March 4, 2014, by Tom Harding
CCT Visiting Speaker Series: Dr Olga Goriunova
The Ragged Manifold of the Subject: Databaseness and the Generic in Curating YouTube.
Wednesday March 19th, 16:30, A39 Sir Clive Granger Building.
Digital cultural production oscillates between singular instances and massive scale occurrences, the individual and the collective, unique and generic, where such tensions are constitutive, as paradoxes, of modes of production and operation of subjectivity today. These tensions are exemplified in art work, and are sustained by computational machines, some of which are database management systems. Generic here relates to measurement, seriality, similarity, and relationality, where the operation of relating itself contributes to the new articulations of the singular and multiple. This talk discusses such relationality in computational cultural forms. The position of the subject that Kittler claimed to be occupied by the Turing machine, is in fact constructed in more complex ways, by computational ensembles that contribute to the maintenance of the subject, rather than replacing it completely. The subject is produced not through an exercise in writing but through the relationality of data which, in the example of an art project, such as Curating YouTube, handles singularities and establishes relations between them as a multiple or as a ragged manifold. It is somewhere in this computational maintenance of the operationalised singular and multiple and the movement between them that the new kind of subject arises. I explore the generic, a number of art projects on YouTube and curatorial tools, and NoSQL databases to arrive at an understanding of the new forms of multiplicity and relationality that cut to the core of the changing conditions of possibility of the subject.

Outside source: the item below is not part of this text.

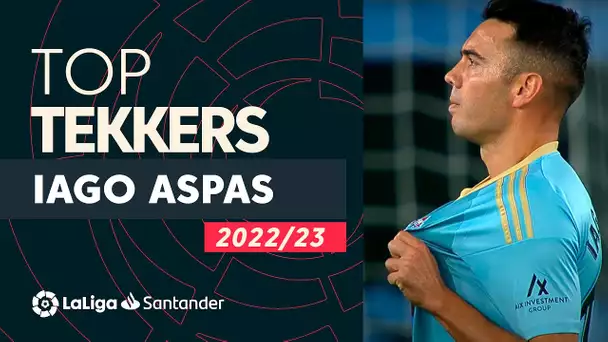 Tekkers LaLiga: Doblete de Iago Aspas frente al Cádiz CF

Olga Goriunova is an Assistant Professor in the Centre for Interdisciplinary Methodologies at the University of Warwick. She is the author of Art Platforms: Cultural Production on the Internet (Routledge, 2012), the editor of Fun and Software (Bloomsbury, forthcoming) and has several projects exploring different aspects of her varied research interests in critical cultural theory, digital media, software and digital art.
Please note the slightly earlier start time of this lecture. All welcome.